The report found North Carolina’s government could run for roughly a month — 30.4 days — on reserve funding alone. That ranks 10th nationally, behind (in descending order) Alaska, Wyoming, Texas, West Virginia, Idaho, Indiana, Alabama, Minnesota, and Washington. It also noted that North Carolina is one of 26 states with rainy day funds that are bigger now than they were before the Great Recession.
At 8.3 percent of the state’s General Fund, or $1.8 billion, North Carolina’s reserves are at a record level.

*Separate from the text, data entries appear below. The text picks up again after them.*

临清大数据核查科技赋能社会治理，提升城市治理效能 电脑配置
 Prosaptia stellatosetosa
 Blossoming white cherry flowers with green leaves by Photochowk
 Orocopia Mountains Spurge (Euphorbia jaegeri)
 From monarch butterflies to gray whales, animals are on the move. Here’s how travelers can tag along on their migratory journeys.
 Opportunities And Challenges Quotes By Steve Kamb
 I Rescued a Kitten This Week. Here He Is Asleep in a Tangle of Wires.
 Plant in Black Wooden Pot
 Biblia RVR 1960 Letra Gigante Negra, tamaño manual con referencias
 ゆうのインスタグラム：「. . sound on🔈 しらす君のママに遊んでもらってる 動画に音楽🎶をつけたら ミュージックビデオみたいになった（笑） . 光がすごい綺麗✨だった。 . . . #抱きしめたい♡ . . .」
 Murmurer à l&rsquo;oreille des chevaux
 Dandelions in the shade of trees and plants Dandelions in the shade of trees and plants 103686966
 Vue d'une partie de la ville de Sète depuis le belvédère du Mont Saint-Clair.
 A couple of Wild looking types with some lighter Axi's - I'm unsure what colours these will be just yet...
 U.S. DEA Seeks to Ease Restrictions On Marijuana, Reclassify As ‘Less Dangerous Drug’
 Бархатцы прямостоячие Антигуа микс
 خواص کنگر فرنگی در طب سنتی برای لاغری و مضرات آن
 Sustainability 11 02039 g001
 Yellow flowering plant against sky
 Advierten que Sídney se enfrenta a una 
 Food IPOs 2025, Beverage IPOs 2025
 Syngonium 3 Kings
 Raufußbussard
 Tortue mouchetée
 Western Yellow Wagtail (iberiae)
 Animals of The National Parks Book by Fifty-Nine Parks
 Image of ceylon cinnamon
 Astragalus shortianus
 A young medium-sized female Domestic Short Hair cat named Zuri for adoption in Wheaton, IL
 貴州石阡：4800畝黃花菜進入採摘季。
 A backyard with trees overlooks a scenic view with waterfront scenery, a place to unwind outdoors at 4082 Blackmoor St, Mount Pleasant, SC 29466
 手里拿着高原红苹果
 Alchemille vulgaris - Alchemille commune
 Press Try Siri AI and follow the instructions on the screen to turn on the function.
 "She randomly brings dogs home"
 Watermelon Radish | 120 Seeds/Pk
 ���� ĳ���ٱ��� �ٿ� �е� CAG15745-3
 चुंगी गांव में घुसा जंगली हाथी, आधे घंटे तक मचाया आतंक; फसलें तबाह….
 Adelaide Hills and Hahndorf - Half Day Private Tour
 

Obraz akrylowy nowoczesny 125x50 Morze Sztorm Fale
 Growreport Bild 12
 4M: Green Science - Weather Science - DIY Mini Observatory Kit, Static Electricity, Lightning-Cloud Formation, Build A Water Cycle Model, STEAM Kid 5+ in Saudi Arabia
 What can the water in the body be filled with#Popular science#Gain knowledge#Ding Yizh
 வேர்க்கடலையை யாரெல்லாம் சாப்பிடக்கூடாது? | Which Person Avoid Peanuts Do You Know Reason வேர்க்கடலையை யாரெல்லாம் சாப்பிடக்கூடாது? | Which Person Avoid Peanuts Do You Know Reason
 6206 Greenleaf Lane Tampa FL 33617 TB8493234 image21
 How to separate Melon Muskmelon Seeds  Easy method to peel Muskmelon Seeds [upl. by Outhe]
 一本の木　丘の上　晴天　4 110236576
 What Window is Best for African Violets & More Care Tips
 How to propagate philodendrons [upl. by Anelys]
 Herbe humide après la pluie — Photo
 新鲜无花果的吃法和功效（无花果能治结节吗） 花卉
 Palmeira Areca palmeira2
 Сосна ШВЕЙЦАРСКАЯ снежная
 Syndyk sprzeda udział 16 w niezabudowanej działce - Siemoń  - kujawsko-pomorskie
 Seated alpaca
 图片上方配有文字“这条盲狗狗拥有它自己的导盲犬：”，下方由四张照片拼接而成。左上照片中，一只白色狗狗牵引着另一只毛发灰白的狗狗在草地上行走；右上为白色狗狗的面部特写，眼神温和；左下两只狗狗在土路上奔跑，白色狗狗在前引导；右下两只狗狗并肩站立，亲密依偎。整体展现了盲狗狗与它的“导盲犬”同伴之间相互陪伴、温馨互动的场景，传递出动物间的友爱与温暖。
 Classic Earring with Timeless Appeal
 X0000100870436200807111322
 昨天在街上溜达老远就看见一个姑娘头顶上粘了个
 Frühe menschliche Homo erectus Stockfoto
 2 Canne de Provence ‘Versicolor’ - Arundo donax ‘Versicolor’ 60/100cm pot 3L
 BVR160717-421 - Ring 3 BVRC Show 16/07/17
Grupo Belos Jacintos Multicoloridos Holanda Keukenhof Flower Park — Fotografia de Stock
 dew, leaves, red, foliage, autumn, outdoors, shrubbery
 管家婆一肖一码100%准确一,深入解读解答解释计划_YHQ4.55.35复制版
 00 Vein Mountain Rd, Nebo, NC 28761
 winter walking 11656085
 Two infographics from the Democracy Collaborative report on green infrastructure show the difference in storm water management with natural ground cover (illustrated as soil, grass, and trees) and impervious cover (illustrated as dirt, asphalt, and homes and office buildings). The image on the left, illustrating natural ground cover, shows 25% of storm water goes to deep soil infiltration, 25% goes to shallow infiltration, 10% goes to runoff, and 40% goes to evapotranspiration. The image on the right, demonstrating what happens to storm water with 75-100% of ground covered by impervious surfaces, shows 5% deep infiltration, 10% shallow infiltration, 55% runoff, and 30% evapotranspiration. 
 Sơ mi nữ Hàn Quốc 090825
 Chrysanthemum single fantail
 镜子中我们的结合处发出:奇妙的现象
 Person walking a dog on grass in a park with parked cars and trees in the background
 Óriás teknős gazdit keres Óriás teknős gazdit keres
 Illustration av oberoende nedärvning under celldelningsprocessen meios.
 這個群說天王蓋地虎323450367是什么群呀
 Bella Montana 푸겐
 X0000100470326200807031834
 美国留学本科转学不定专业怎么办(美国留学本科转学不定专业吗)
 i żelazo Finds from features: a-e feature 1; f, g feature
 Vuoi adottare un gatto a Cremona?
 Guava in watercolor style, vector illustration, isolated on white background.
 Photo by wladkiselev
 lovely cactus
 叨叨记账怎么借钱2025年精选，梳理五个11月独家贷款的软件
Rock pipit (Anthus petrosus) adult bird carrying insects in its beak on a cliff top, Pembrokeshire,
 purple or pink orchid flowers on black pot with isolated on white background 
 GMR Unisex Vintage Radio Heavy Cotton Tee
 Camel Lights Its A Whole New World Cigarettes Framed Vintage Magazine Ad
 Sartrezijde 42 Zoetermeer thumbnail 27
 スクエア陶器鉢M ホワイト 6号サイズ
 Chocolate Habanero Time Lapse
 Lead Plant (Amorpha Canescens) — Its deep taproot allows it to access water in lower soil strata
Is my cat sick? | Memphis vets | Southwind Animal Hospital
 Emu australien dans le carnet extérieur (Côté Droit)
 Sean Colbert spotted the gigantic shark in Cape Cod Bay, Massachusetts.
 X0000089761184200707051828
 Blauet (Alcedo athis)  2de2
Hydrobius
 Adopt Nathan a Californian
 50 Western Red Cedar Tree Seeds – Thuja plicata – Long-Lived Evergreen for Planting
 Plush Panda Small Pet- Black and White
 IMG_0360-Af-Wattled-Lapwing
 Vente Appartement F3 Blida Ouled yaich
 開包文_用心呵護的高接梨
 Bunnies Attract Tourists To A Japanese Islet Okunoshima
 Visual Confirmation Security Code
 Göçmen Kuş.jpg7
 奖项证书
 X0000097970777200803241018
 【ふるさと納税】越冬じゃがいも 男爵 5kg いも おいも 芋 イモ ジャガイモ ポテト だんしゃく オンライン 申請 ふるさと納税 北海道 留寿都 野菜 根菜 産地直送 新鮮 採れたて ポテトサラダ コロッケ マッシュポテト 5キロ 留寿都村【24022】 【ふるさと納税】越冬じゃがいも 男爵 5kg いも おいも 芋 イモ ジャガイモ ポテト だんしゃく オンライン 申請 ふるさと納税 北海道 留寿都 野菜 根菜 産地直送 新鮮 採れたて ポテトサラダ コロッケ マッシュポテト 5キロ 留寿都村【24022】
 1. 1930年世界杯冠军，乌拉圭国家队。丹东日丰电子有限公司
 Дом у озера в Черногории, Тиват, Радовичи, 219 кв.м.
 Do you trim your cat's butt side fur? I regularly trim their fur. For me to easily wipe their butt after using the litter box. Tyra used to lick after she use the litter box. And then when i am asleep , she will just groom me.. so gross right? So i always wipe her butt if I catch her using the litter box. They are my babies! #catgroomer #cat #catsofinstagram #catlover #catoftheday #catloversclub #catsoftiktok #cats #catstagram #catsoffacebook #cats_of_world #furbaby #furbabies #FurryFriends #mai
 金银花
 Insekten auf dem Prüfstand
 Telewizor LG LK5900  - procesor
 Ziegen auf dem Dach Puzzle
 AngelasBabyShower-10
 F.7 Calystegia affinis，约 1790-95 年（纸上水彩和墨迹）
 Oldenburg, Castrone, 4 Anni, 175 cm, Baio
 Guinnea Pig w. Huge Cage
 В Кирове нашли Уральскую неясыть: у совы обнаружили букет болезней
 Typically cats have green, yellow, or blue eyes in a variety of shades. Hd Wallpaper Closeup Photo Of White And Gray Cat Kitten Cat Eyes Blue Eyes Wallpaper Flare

In April, Gov. Roy Cooper signed into law House Bill 7, a measure setting aside 15 percent of growth in General Fund revenues each year to state reserves. The measure, which passed the General Assembly nearly unanimously, also bolstered the rules preventing lawmakers from dipping into savings during normal budget cycles.
Pew Charitable Trust officials last fall cited North Carolina as the nation’s only state with rules that follow the organization’s best practices for “budget stabilization” or rainy day funds.